Beyond standard SAT-solving heuristics, there is something potentially interesting about the algebraic approach I have sketched in this blog post: each axiom of our equational theory identifies rewrites for SAT instances that preserve the information we have about the instance. Contrast this with the naive approach to SAT-solving by computing every possible assignment. In doing so, for every value that we compute we learn some information that we then discard before computing a new value for the next assignment. In this process, some information is learned but immediately forgotten. The reason why modern SAT-solving algorithms, like DPLL and CDCL, generally work better than this brute force approach (though obviously not in the worst-case) is that, seen as resolution proofs, they learn new clauses at each step, and thus update their state of knowledge about the instance. Is it crazy to hope that, by identifying algebraic laws underlying deductions in SAT-solving, we will be able to explore different heuristics that are guaranteed to preserve the information we have already learned in the process of solving a given instance? Maybe.
An alternative to using string diagrams, is to move to an algebraic syntax with binders, as is often needed to model the syntax of programming languages with abstraction (e.g. the lambda calculus).
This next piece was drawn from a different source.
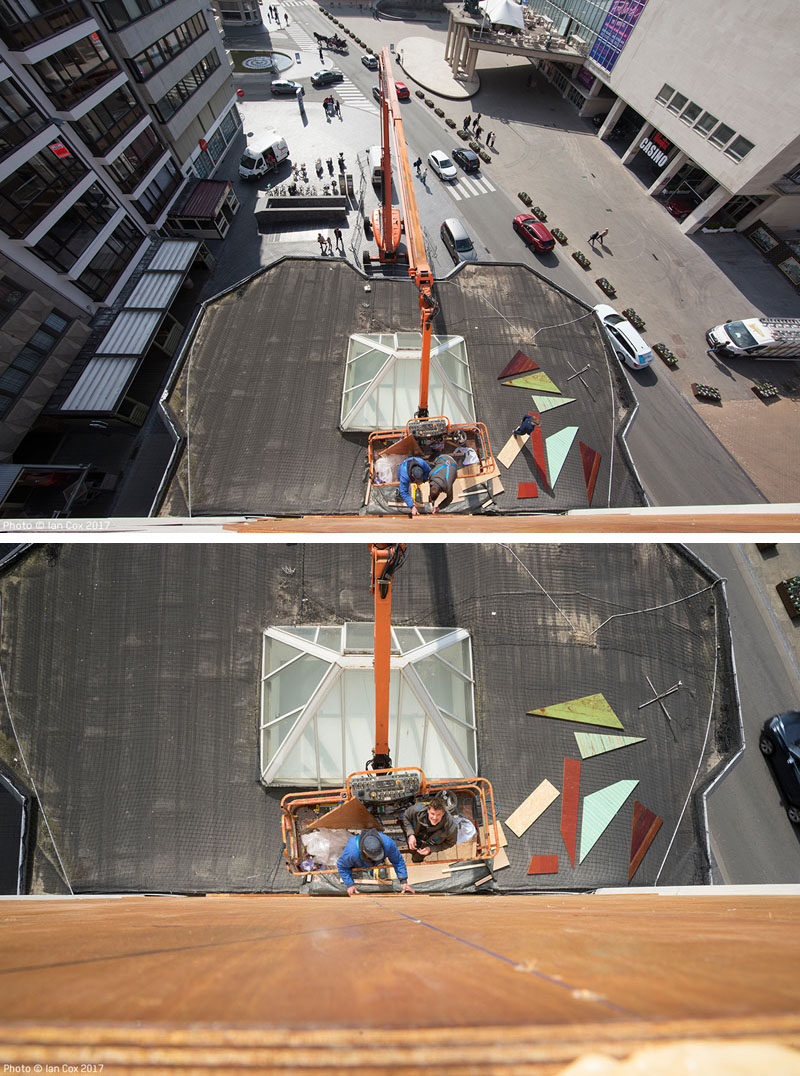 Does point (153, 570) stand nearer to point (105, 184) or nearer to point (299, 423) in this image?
point (299, 423)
Here, we would use the binders for existential quantifiers.
Terms of an algebraic syntax with binders can be seen as syntax trees with back pointers, so that the syntax is no longer one of labelled trees but of certain directed graphs. I would argue that the diagrams of this post are in fact a convenient notation for these graphs. The main difference is that, in our string diagrammatic syntax, the direction of the dangling wires enforces a type discipline that distinguishes positive and negative literals. Due to the monotonocity of our semantics, we do not have access to unrestricted negation, as I mentionned above. Neither do we have access to unrestricted existentital quantification – we can only existentially quantify pairs of opposite literals. This discipline is healthy, as it reduces the complexity of the diagrams and of the algebraic axioms (this is how we get the Frobenius law for example, which seriously simplifies the treatment of clauses).